Remontant au début des années 1950, il montre comment les chlorofluorocarbures (Cftc), le plomb, les DDT et autres produits (agents ignifuges, antitaches, etc.) considérés comme des « merveilles chimiques », dévoraient allègrement la couche d’ozone à la façon d’un « pacman ». La lutte entre les scientifiques (qui à plusieurs reprises ont tenté d’alerter les instances et le public) et l’industrie était, on s’en doute, très inégale. La Compagnie Du Pont, entre autres, n’a pas hésité à utiliser des stratégies parmi les plus malhonnêtes. Ce sont les médias qui ont tranché et provoqué une onde de choc. Une catastrophe était imminente : la couche d’ozone était trouée, ce qui menaçait toutes les formes de vie sur la planète. Ce cri d’alarme s’est propagé mondialement et a été à l’origine du protocole de Montréal (1987), « le plus fructueux traité international sur l’environnement jamais négocié ». Tous les États du monde en sont signataires.

Sources d’inquiétude

Malgré les études qui démontraient la grande nocivité de plusieurs produits, les gouvernements à l’échelle mondiale ont tardé à les interdire. L’avocat de formation qualifie les stratégies de l’industrie chimique et du tabac de féroces et malhonnêtes. À la suite d’avancées et de reculs, le plomb a été pratiquement enrayé (mais après les CFC) au début des années 80. La promulgation de normes nationales de qualité de l’air a obligé les propriétaires à doter leurs véhicules de mécanismes antipollution et forcé les compagnies pétrolières à ne plus ajouter de plomb dans l’essence. Les autres industries qui utilisaient ces produits ont également été contraintes de participer à cet effort.
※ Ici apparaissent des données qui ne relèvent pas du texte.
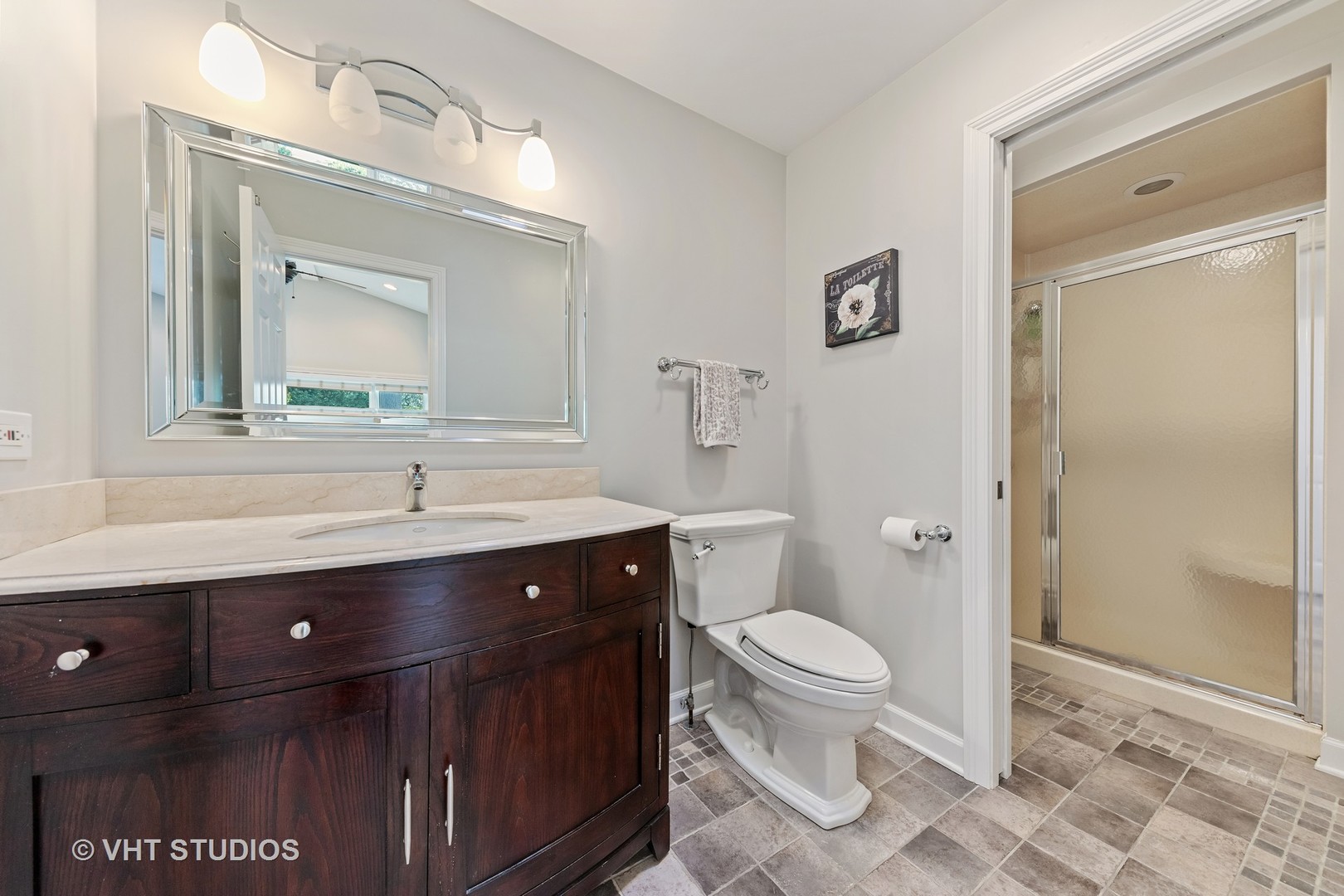 1108 Woodview Road Burr Ridge, IL 60527 - Photo 18 of 29 a bathroom with a sink a toilet a mirror and shower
David Boyd partage les résultats d’une étude de Santé Canada, datant de 2013. Ces résultats peu connus du grand public sont révélateurs de l’ampleur des dégâts à long terme provoqués par l’industrie chimique : «  Le développement intellectuel des personnes qui ont été exposées au plomb pendant leur petite enfance a été limité ». Plus de 30 ans plus tard, ces intoxications seraient encore actives ! On soupçonne même que les personnes ayant vécu pendant ces années « de plomb » pourraient avoir développé le syndrome TDAH. Limitations intellectuelles et hyperactivité pourraient être générées par ces produits acceptés socialement.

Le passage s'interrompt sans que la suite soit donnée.